Même embarras à gauche, qui ressort affaiblie des élections. « Ça me fait mal », réagit le sénateur socialiste du Loiret Jean-Pierre Sueur. « C'est un signe d'une progression de ce parti que je combats de toute mon ardeur. » D’autres, au sein de la majorité sénatoriale, tempèrent ou minimisent les conséquences de l’arrivée du FN dans la deuxième chambre du Parlement.

« Un non-évènement » pour le sénateur UMP Philippe Marini. « On va bien voir ce qu’ils sont capables de faire ! Mais ça ne changera rien au Sénat. Le FN stagne dans une marginalité absolue », selon son collègue Gérard Longuet. Roger Karoutchi acquiesce : « Ils sont marginalisés d’office par le fait de n’être que deux dans une assemblée de 348. » Siéger parmi les non-inscrits est un frein pour être exposé, mais Stéphane Ravier est persuadé que lui et son collègue Rachline seront « audibles ».

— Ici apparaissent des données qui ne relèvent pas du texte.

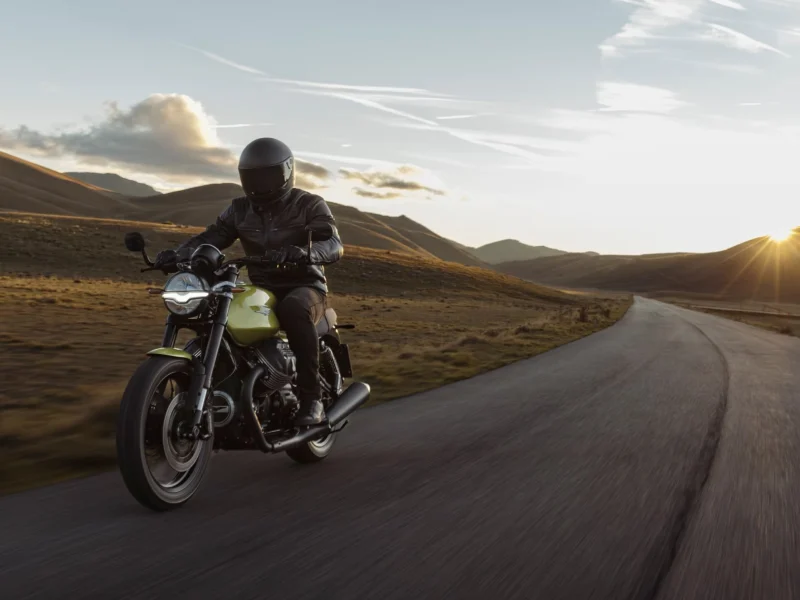 Moto-in-prodej-motocyklu-V7-prehled-middle-1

Le jour de l’élection du président du Sénat, David Rachline est boudé

Dans les premières heures, la nouvelle de leur élection fait les gros titres. Devant une meute impressionnante de journalistes, les deux sénateurs FN font leurs premiers pas au palais du Luxembourg le 30 septembre. La journée qui suit sera encore plus marquante. Il s’agit du jour de l’élection du président du Sénat.

Benjamin de l’hémicycle, c’est à David Rachline que revient la tâche de superviser le scrutin, en tant que secrétaire de séance. Il est placé symboliquement devant l’urne chargée de recueillir les bulletins des sénateurs, non loin de Paul Vergès, communiste réunionnais, le doyen d’âge, qui, lui, préside la séance.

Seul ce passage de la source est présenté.